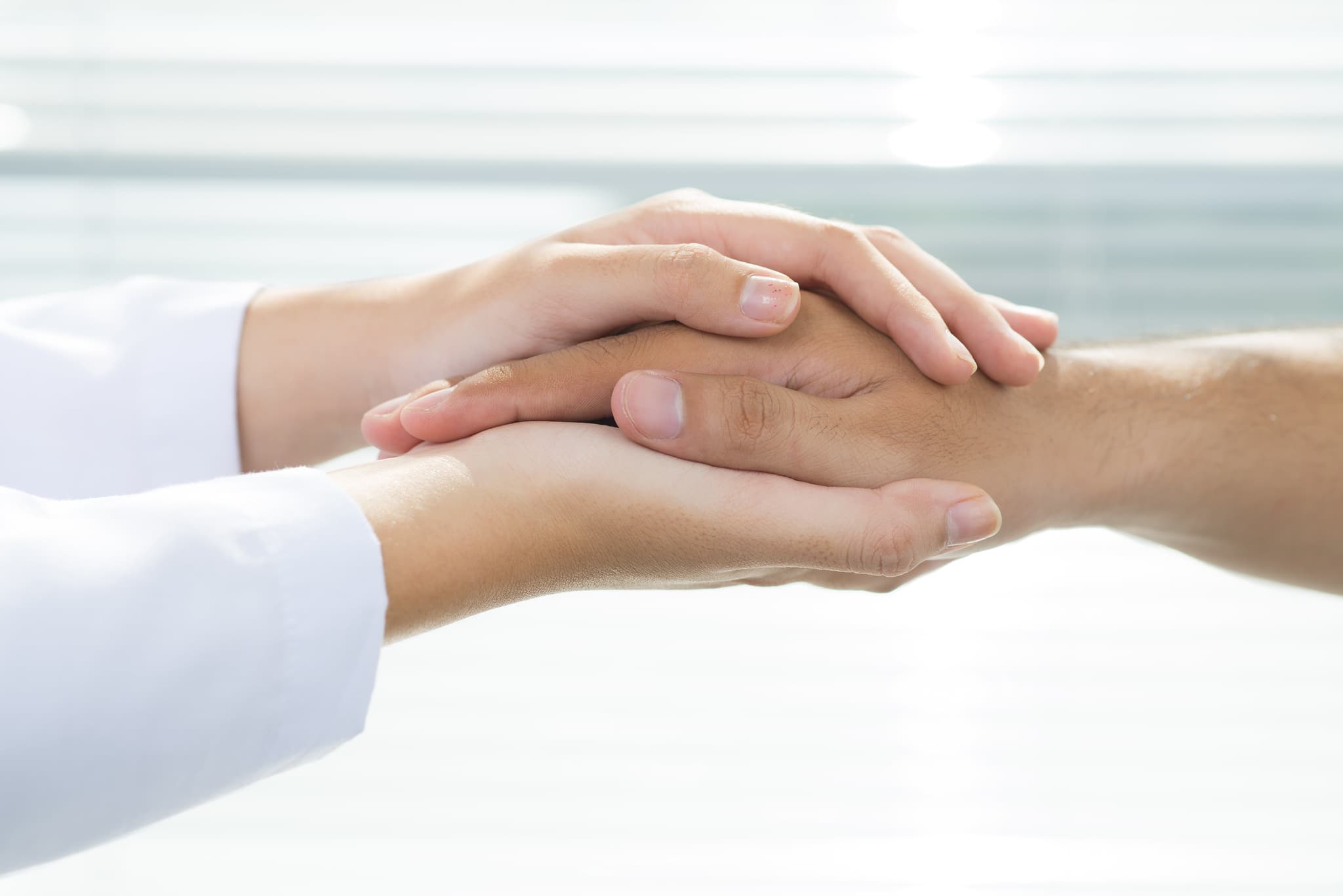 Picture of doctor holding patients hand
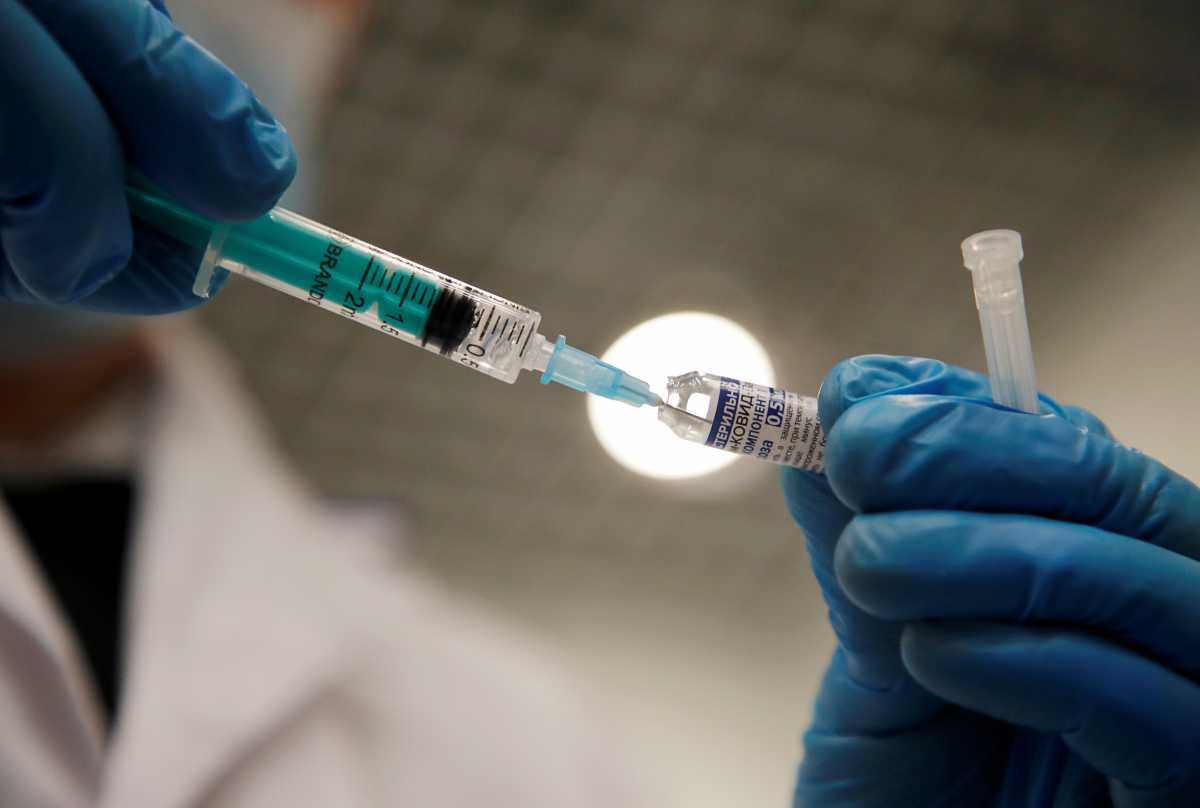 FILE PHOTO: A medical worker holds a syringe with Sputnik V vaccine against the coronavirus disease (COVID-19) at a vaccination centre in Saint Petersburg, Russia February 24, 2021. REUTERS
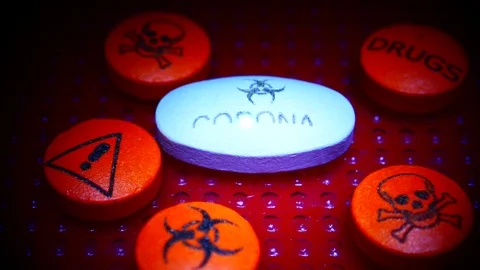 COVID-19 CORONA virus caption on pill cure medicine Stock Footage 124700271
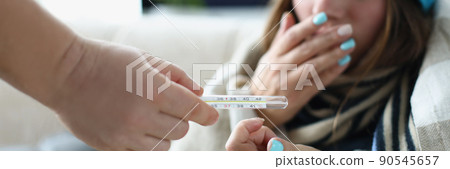 Woman coughing with high temperature symptoms of coronavirus disease Woman coughing with high temperature symptoms of coronavirus disease 90545657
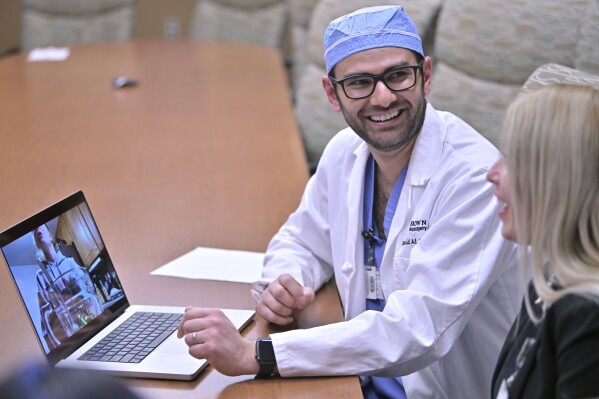 Dr. Rohaid Ali plays a video from a high school project made by his patient Alexis Bogan on Thursday, March 11, 2024, at Rhode Island Hospital in Providence, R.I. Doctors treating Bogan, whose speech was impaired by a brain tumor, used the recorded sample of her speech and a voice-cloning tool from OpenAI to recreate her previous voice. Neurosurgeon Dr. Konstantina Svokos, right, looks on. (AP Photo/Josh Reynolds)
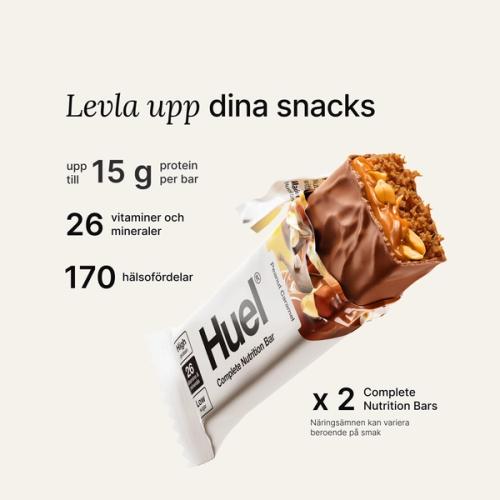 En bild av en Huel Complete Nutrition-proteinbar i ett rivet omslag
====================
Above are some records. Reproduce the lines from the one with "COVID-19 CORONA virus" down to the one with "coronavirus disease 90545657", keeping both, and leave every picture out.

 COVID-19 CORONA virus caption on pill cure medicine Stock Footage 124700271
 Woman coughing with high temperature symptoms of coronavirus disease Woman coughing with high temperature symptoms of coronavirus disease 90545657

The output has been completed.